No, it's disgusting.

rainrelief · 23/07/2022 16:39

bloodyplanes · 23/07/2022 16:21

It was obviously a mistake he made as a foolish teenager. He wasn't given an option out of it so he decided he didn't want any of it. To be honest he's probably done the right thing and given that child a much happier upbringing than if it had be raised by two teenagers ( one of whom was resentful and didn't want to be a parent). However there is no excuse for him keeping it a secret from you, that would have me questioning my relationship if i was in that situation.

I have never heard such man-excusing shite. His child has a happier upbringing because his poorer as his father isn’t even providing maintenance?! What nonsense!

He wasn’t given an option so it’s justifiable to just reject his child altogether!?

it may be his traumatic upbringing is at play here. But I would not want a relationship with someone whose trauma affects them this deeply. And I say that as someone who has experience of a relationship with someone with trauma due to childhood issues. Never again!

And honestly, he’s an adult now. He should be able to face his trauma enough to at least arrange child maintenance payments. It’s a hard ask to believe he can’t mansge his trauma enough to Centre his own child even this much.

bloodyplanes · 24/07/2022 00:42

@rainrelief not man excusing but child excusing! You actually believe that having a resentful teenager forced into parenthood would have been good for that child? Well as a child who's "father" wasn't interested because he was also a "selfish teenager" i can honestly tell you that you can't miss what you have never had! Yes he is an adult now but even if his feelings towards the child had changed what right does he have to just walk back into the child's life? As for paying towards the upbringing, maybe the mother doesn't want his money? If she was bothered about it she would have gone to the CMS!
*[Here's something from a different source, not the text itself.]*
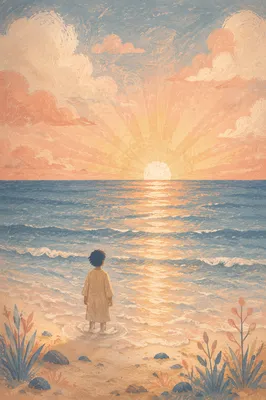 Hopeful Sunrise Over Endless Ocean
Appleblum · 24/07/2022 02:01

I'm so sorry you're in this situation.

17 is really young and it sounds like he was in a vulnerable situation himself. He seems to have pretty much blocked out that part of his life... I can't blame him for that, it's how some people cope with trauma in their lives. I'm not saying it right or healthy, but it is what it is, and growing older and becoming an adult is not going to make it magically go away.

I'm not sure what I'd do in your situation... I think I wouldn't break up my own family over this, but my opinion of him would change and I don't know if that'll lead to issues in the marriage in the future.
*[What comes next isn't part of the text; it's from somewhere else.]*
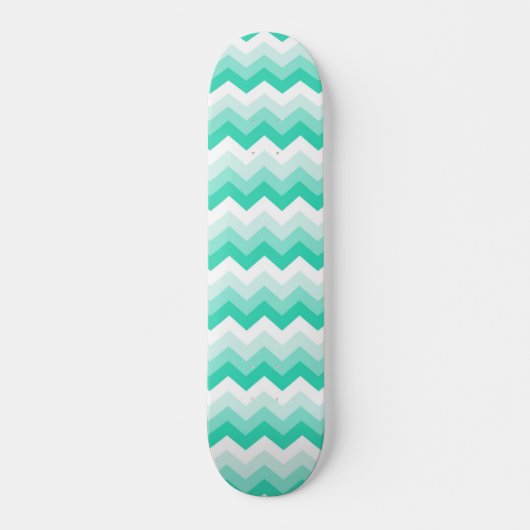 Skateboard Zigzag (Turquoise, groen) (Devant)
tootiredforanything · 24/07/2022 02:08

You have to remember that but only was your DP 17, but he was also in the care system, which made him vulnerable himself.

tootiredforanything · 24/07/2022 02:10

(Sorry, posted too soon) ...

How did you find out about his first child and what was your partner's response when you spoke to him about it?

MiWadiMyChoice · 24/07/2022 02:52

Who told you, and why?

QueenCamilla · 24/07/2022 03:10

I would not break up my family over this.

I can imagine being a husband to a woman who gave away a baby for adoption at 17 (and in care herself ) . I wouldn't even pick that scab. I'd offer support with whatever decision feels right for her.
I can't see this situation being that much different.